Surabaya – Nilai impor Jawa Timur (Jatim) mencapai US$9,68 miliar selama Januari-April 2025, naik 1,61 persen dibandingkan periode yang sama tahun lalu. BPS Jatim melaporkan bahwa tren ini mencerminkan pertumbuhan permintaan bahan baku industri, Jumat (06/06/2025).
Nilai impor Jatim nonmigas mencapai US$7,96 miliar dan tumbuh 10,33 persen secara tahunan. Kenaikan ini menunjukkan ketergantungan yang kuat terhadap bahan penolong dari luar negeri.
Pada April 2025 saja, nilai impor Jatim tercatat US$2,69 miliar, meningkat 21,51 persen dibandingkan April 2024. Angka ini turut memperkuat tren pertumbuhan yang mulai terlihat sejak awal tahun.

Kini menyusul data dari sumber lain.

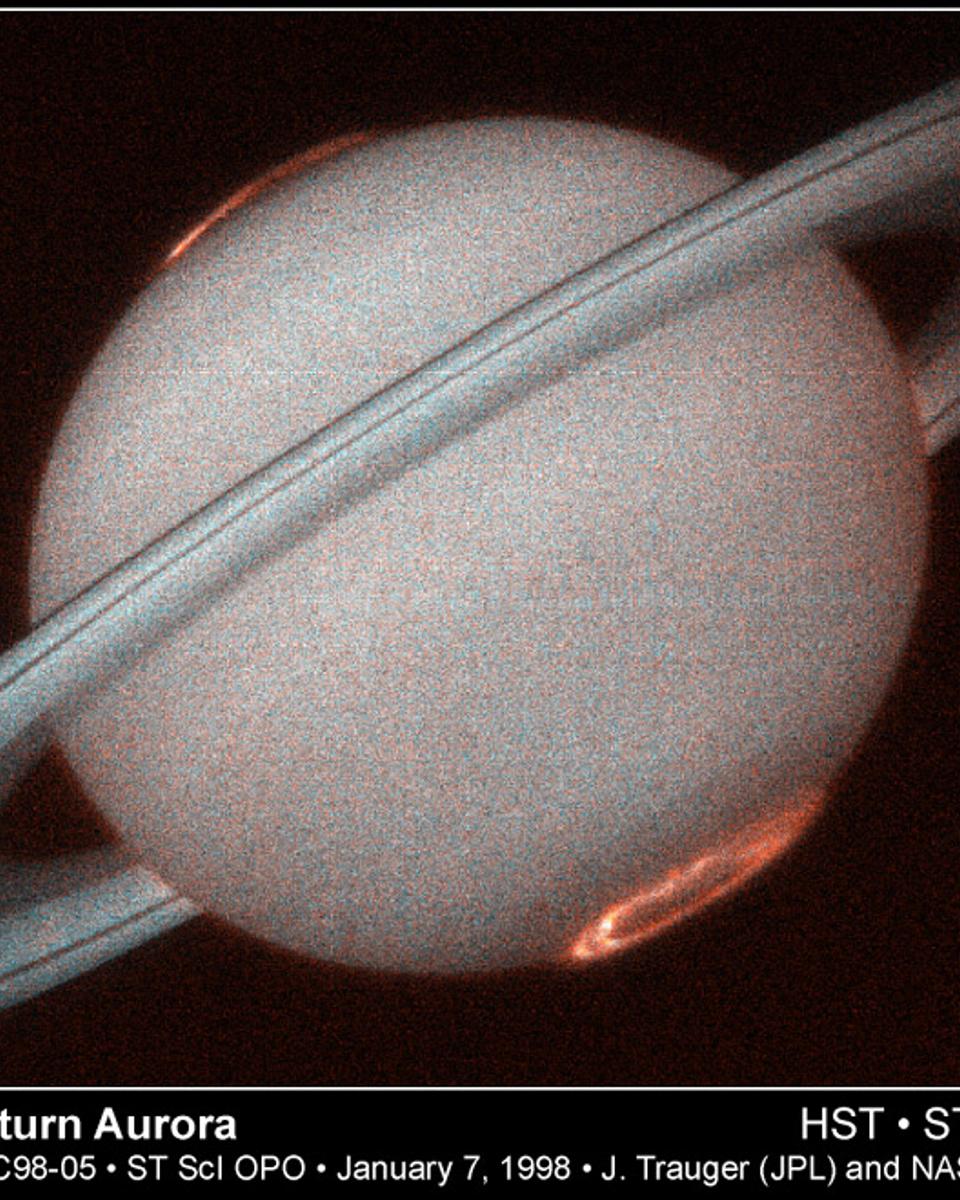 Saturnian Aurora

Nilai impor nonmigas April 2025 sebesar US$2,35 miliar mengalami lonjakan signifikan sebesar 39,49 persen secara tahunan. Pertumbuhan ini mencerminkan peningkatan aktivitas industri manufaktur.

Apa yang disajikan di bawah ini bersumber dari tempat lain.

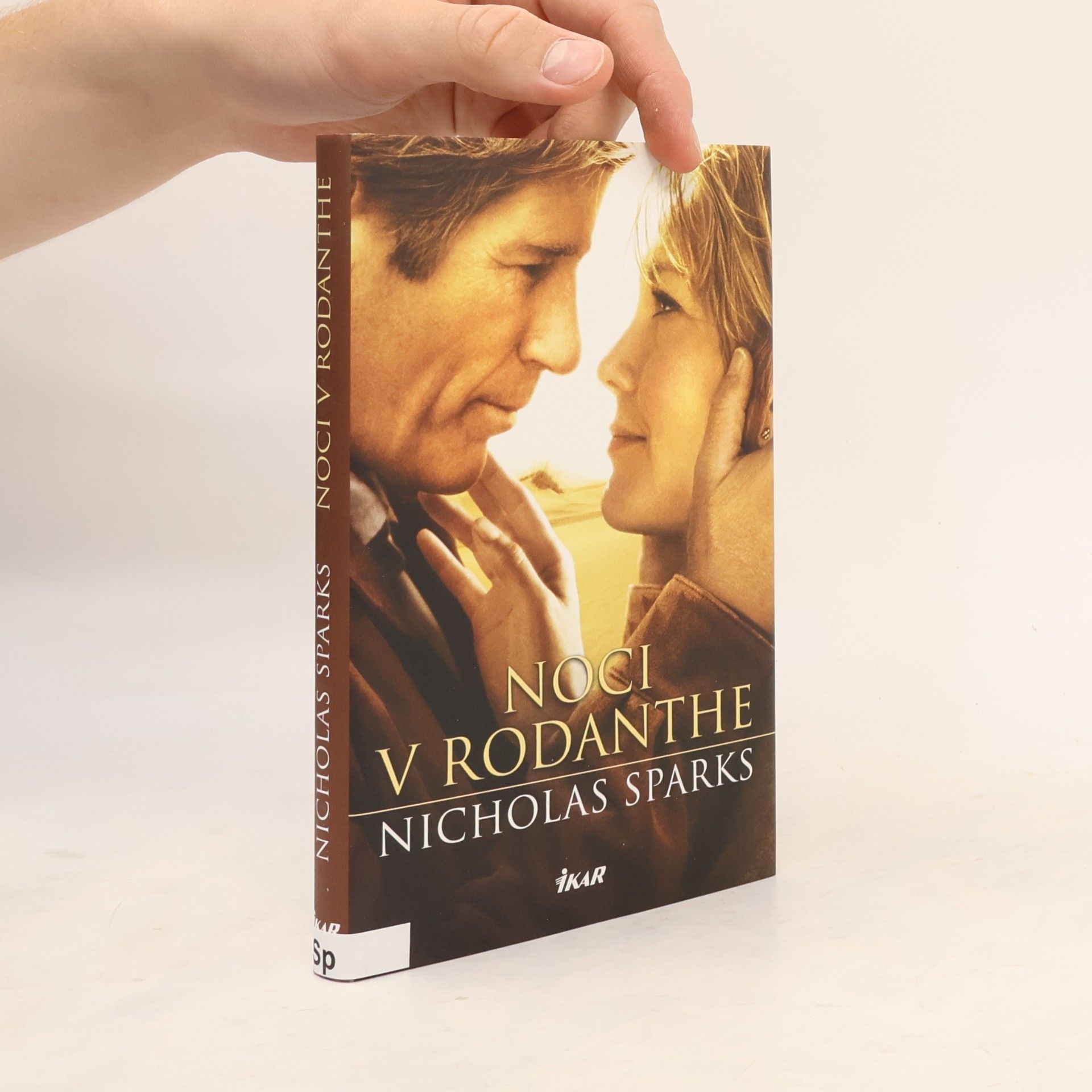 Nicholas Sparks Noci v Rodanthe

Komoditas perhiasan atau permata mencatat kenaikan tertinggi dalam daftar sepuluh besar impor nonmigas. Nilai impornya melonjak US$530,78 juta atau 337,22 persen dibandingkan tahun sebelumnya.
Sebaliknya, impor serealia mengalami penurunan terdalam mencapai US$439,52 juta atau merosot 53,05 persen dibandingkan periode Januari-April 2024. Penurunan ini bisa mencerminkan pergeseran kebutuhan konsumsi atau kebijakan substitusi impor.

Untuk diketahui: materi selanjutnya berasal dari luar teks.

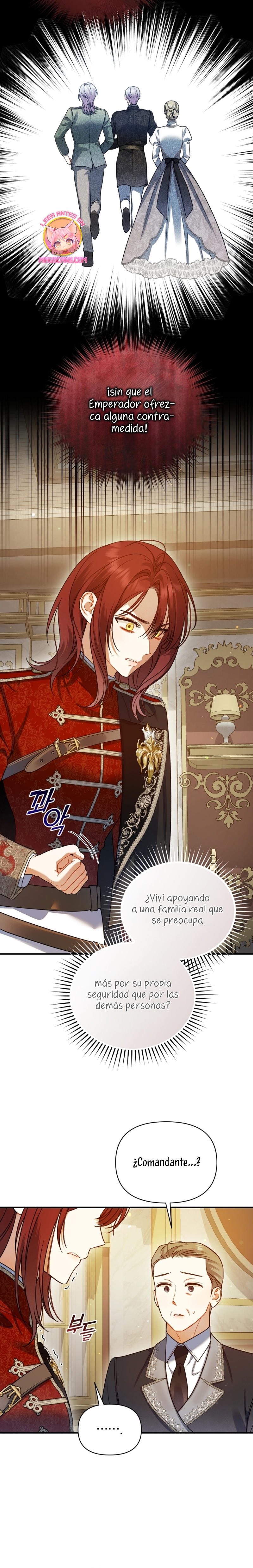 Me convertí en la hermana menor de un protagonista obsesivo Capítulo 103 - Página 5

Impor bahan baku dan penolong mendominasi struktur impor dengan total US$7,92 miliar, naik 1,94 persen. Industri pengolahan kemungkinan menjadi kontributor utama permintaan ini.
Impor barang modal juga naik signifikan sebesar 14,16 persen dengan nilai US$723,42 juta. Kenaikan ini menunjukkan geliat investasi sektor produksi dan infrastruktur.
Sementara itu, impor barang konsumsi turun menjadi US$1,04 miliar atau menyusut 7,64 persen dibandingkan periode yang sama tahun lalu. Penurunan ini dapat menandakan meningkatnya produksi lokal atau pelemahan permintaan domestik.
Secara keseluruhan, tren impor Jatim mencerminkan peningkatan aktivitas ekonomi terutama di sektor industri. Namun, penurunan pada sektor konsumsi mengindikasikan perlunya perhatian pada daya beli masyarakat.
Ke depan, dinamika impor ini dapat menjadi indikator penting dalam pengambilan kebijakan ekonomi regional. Pemerintah perlu menyeimbangkan antara pertumbuhan industri dan keberlanjutan konsumsi.